A significant group – offensive linemen Jarrett Patterson and Josh Lugg, defensive linemen Jayson and Justin Ademilola and Isaiah Foskey, slot receiver Avery Davis, wide receiver Braden Lenzy, safety Houston Griffith and linebacker Bo Bauer among them – decided to return, putting their faith in a first-year head coach. Some, like Patterson and Foskey, could have been early-round draft picks but stayed to help maintain the culture they’d built in South Bend.
Four of the captains in Freeman’s first season are among that group and he is grateful to it for believing in him.
“They built the foundation of what I believe is the future of the Notre Dame football program under me,” Freeman said. “Notre Dame football has been successful for a really long time, but the leadership has changed and you have to rebuild that foundation to fit the new leader. I’ll be forever in debt to them. This will be a special group forever to me, because they had blind faith. They didn’t choose me to be their head coach.
“I can say this is what I want our program to do, but until it’s implemented and until it’s carried out from the players and the leaders throughout the football players and the team, that is just words on the wall. This group of seniors has really done that.”

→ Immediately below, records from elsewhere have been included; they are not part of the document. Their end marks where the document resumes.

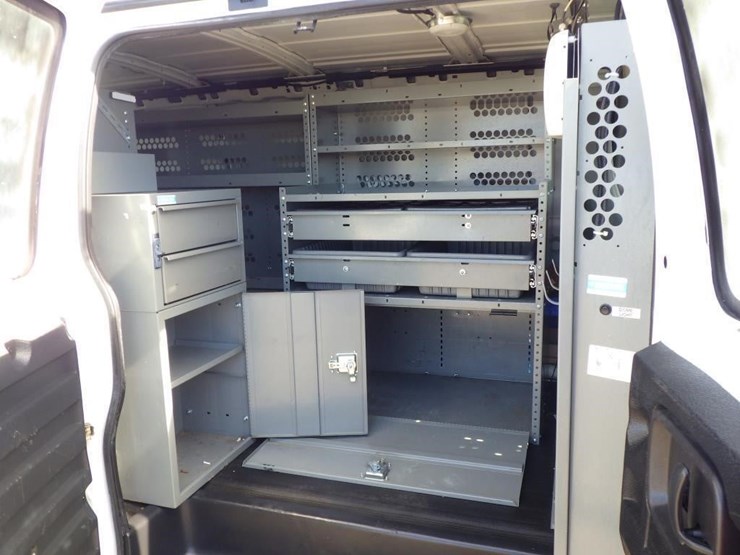 2012-chevrolet-express-2500-image-7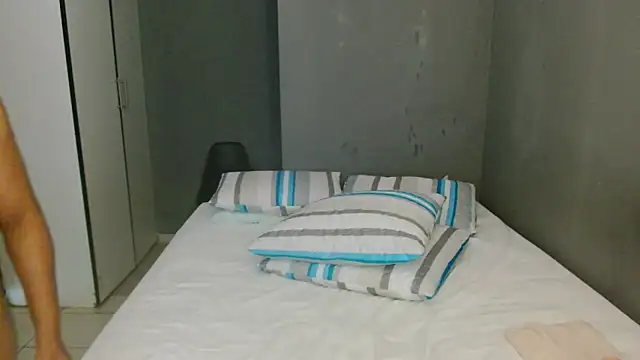 Lillyan N online show from April 19, 2026, 8:37 am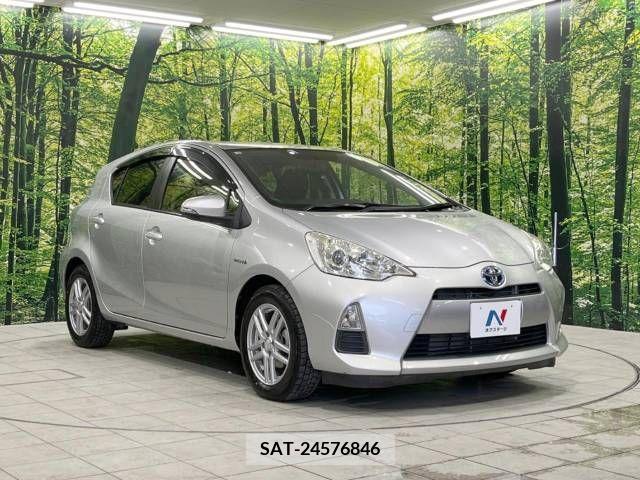Toyota AQUA 2012-08 251464-16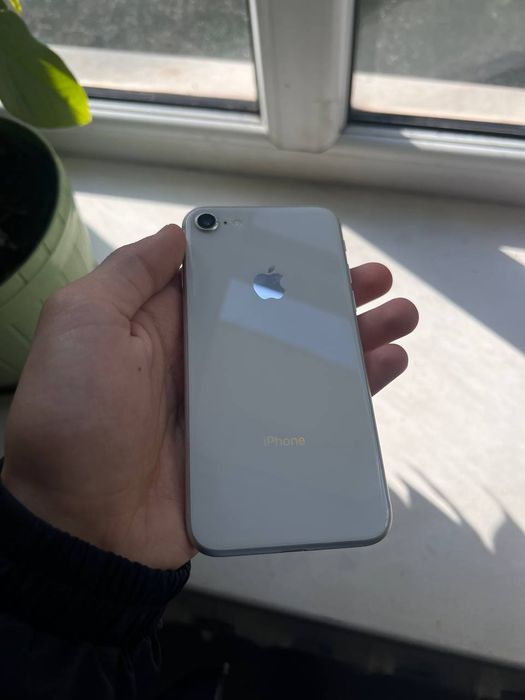 IPhone 8 ideal white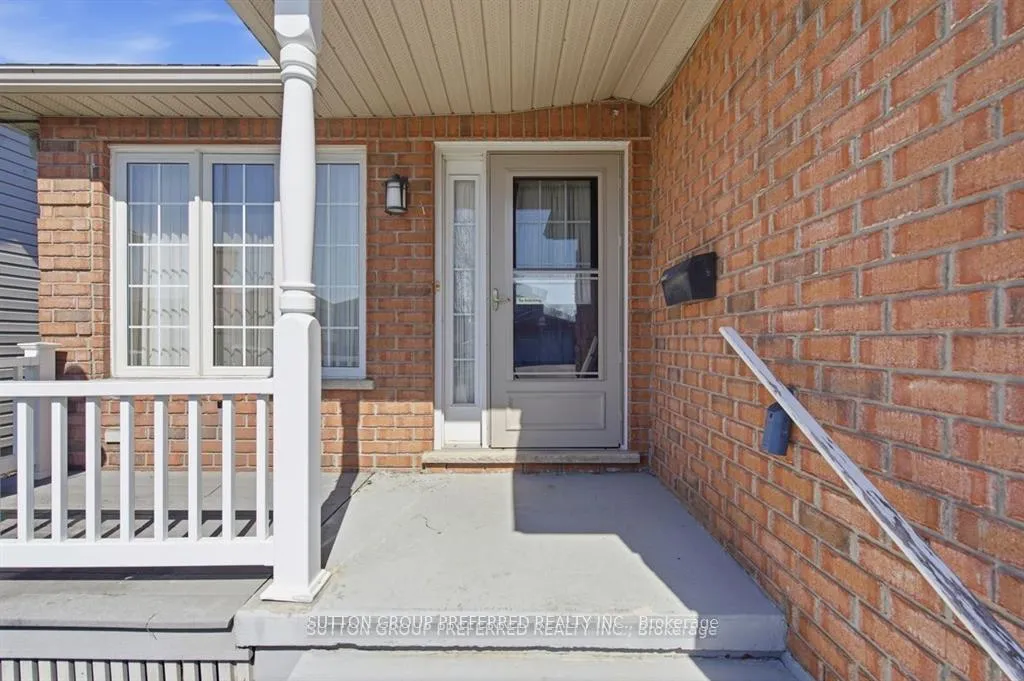 Photo 4 of 64 Willow Crescent, Strathroy-Caradoc, SE — HOMEH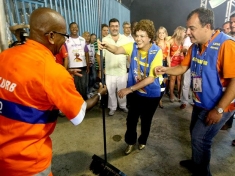 Dilma Dances with Street Cleaners at Carnaval During her Presidential Campaign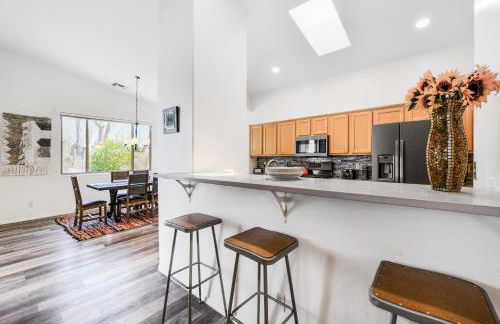 Remodeled modern beauty backs to open desert with mountain views & home theatre - Foto 18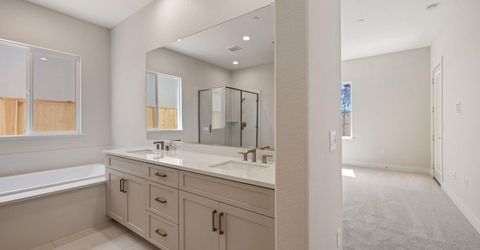 3080 Wisteria Dr, Lodi, CA 95242 Photo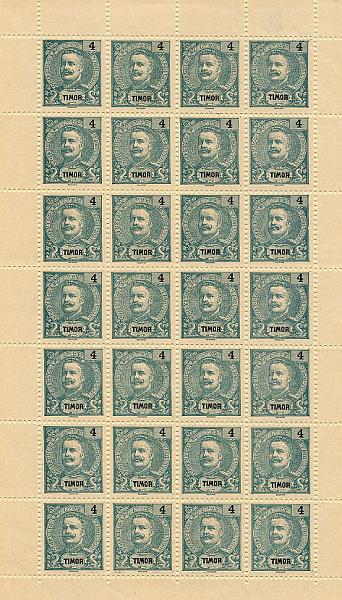 22Lis_1634.jpg -     Lote:    1634            Timor       Descrição:         1898/1900 &mdash; D. Carlos I Mouchon. CE63, 4 avos verde. Folha completa de 28 selos. Muito bonita sem manchas os falhas. Emitido sem goma. Valor de catálogo &euro; 58,80.        *       Valor Base:     &euro; 25,00     Valor Venda:     &euro; 26,00     
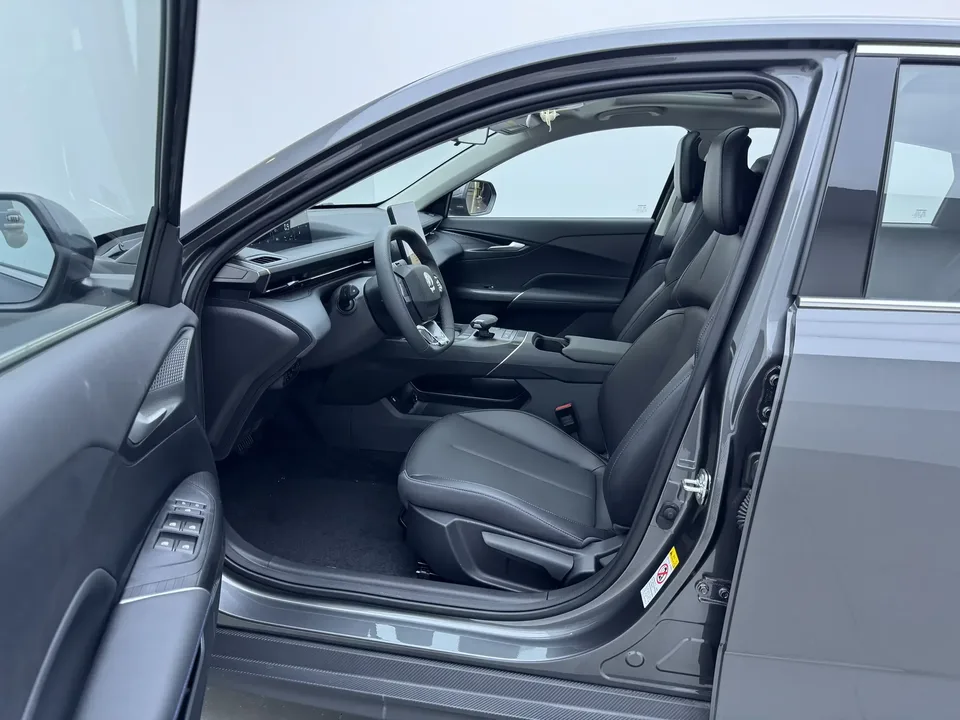 Changan Escape Escape 2025 1.5T DCT 500Bar Premium 2026 — thumbnail 5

This afternoon, a group of 25 of those seniors will be recognized prior to what, for most of them, will be their last game at Notre Dame Stadium. A few of them have another year of eligibility left and some, including Lenzy and Justin Ademilola, are still mulling whether to return, but for most of them, today’s matchup against Boston College (3-7) will be their last opportunity to get a win in front of the Irish faithful.
“There’s only one way to have a good senior night and that’s to win the game,” said Irish offensive coordinator Tommy Rees, who went through Senior Day at Notre Dame Stadium as a player in 2013. “That can help motivate people, but certainly there’s no lack of motivation. … It’s a big game for us, we still have a lot to accomplish this season.”
No. 18 Notre Dame (7-3) has won four games in a row and has taken eight straight against Boston College, the only other Catholic school in the FBS, since 2009.
The Eagles, in their third year under coach Jeff Hafley, are suffering through a down season but are coming off a galvanizing triumph, 21-20 over then-No. 17 N.C. State.
Notre Dame, meanwhile, beat Navy 35-32 last week but was outscored 19-0 in the second half and managed only 12 total yards after halftime.
Still, the Irish have scored 35 points in four straight games for just the 10th time in program history.
“When you watch our games, especially recently, we’ve been taking what we have. Clemson, we ran the hell out of the ball. Against Navy, we knew they were gonna be loading the box and you look at that game everything we wanted happened in the first half,” said Lenzy, who in that game had season-highs with five catches and 67 yards and added a highlight-reel touchdown in which he pinned the ball against the defender’s back in the end zone.
“I promise you we got everything we wanted in the second half, just one little inch of a throw, one little inch of a block and we have three to four more touchdowns for sure.
“If we have the looks we want, we’ll deliver.”
If the Irish are able to secure another rivalry victory, the seniors will have a chance to reflect on what they built in their final seasons in South Bend.
“I haven’t been part of a team yet at Notre Dame that has been this close,” Lugg said. “The locker room environment is contagiously good for this program. I hope it continues after this senior class leaves and I know it will continue because everyone from the top down is committed to the process of being together and sacrificing for one another.”